Filebeat not starting in windows

Facing problem with staring up the Filebeat in windows 10, i have modified the filebeat prospector log path with elasticsearch log folder located in my local machine "E:" drive also i have validated the format of filebeat.yml after made the correction but still am getting below error on start up.
Filebeat version : 6.2.3
Windows version: 64 bit
Filebeat.yml (validated yml format)
filebeat.prospectors:
-
type: log
enabled: true
paths:
- 'E:\Research\ELK\elasticsearch-6.2.3\logs\*.log'
filebeat.config.modules:
path: '${path.config}/modules.d/*.yml'
reload.enabled: false
setup.template.settings:
index.number_of_shards: 3
setup.kibana:
host: 'localhost:5601'
output.elasticsearch:
hosts:
- 'localhost:9200'
username: elastic
password: elastic
Filebeat Startup Log:
E:\Research\ELK\filebeat-6.2.3-windows-x86_64>filebeat --setup -e
2018-03-24T22:58:39.660+0530 INFO instance/beat.go:468 Home path: [E:\Research\ELK\filebeat-6.2.3-windows-x86_64] Config path: [E:\Research\ELK\filebeat-6.2.3-windows-x86_64] Data path: [E:\Research\ELK\filebeat-6.2.3-windows-x86_64\data] Logs path: [E:\Research\ELK\filebeat-6.2.3-windows-x86_64\logs]
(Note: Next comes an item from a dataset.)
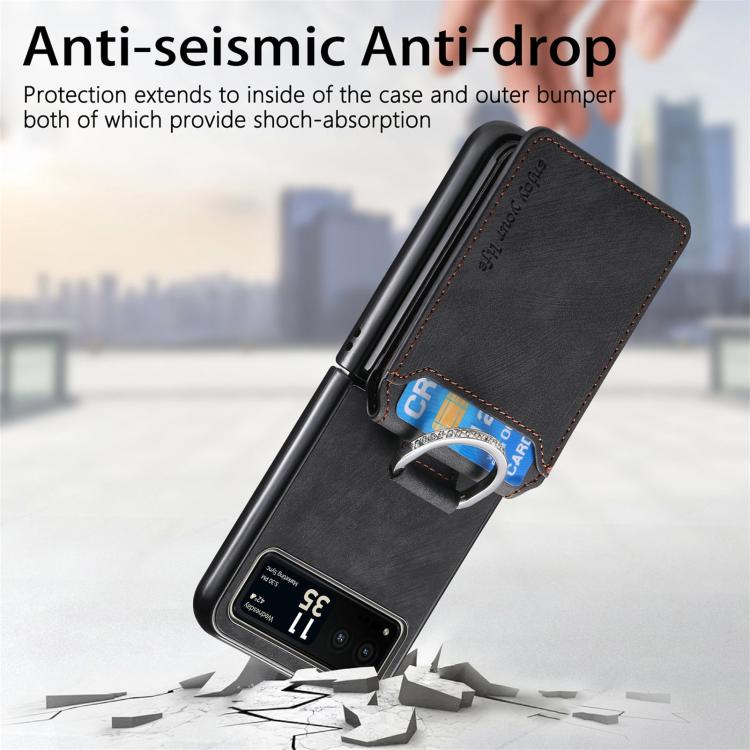 For Motorola Moto Razr 40 Retro Leather Ring Vertical Flip Wallet Phone Case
2018-03-24T22:58:39.661+0530 INFO instance/beat.go:475 Beat UUID: f818bcc0-25bb-4545-bcd4-3523366a4c0e
2018-03-24T22:58:39.662+0530 INFO instance/beat.go:213 Setup Beat: filebeat; Version: 6.2.3
2018-03-24T22:58:39.662+0530 INFO elasticsearch/client.go:145 Elasticsearch url: http://localhost:9200
2018-03-24T22:58:39.665+0530 INFO pipeline/module.go:76 Beat name: DESKTOP-J932HJH
2018-03-24T22:58:39.666+0530 INFO [monitoring] log/log.go:97 Starting metrics logging every 30s
2018-03-24T22:58:39.666+0530 INFO elasticsearch/client.go:145 Elasticsearch url: http://localhost:9200
2018-03-24T22:58:39.672+0530 INFO elasticsearch/client.go:690 Connected to Elasticsearch version 6.2.3
2018-03-24T22:58:39.672+0530 INFO kibana/client.go:69 Kibana url: http://localhost:5601
2018-03-24T22:59:08.882+0530 INFO instance/beat.go:583 Kibana dashboards successfully loaded.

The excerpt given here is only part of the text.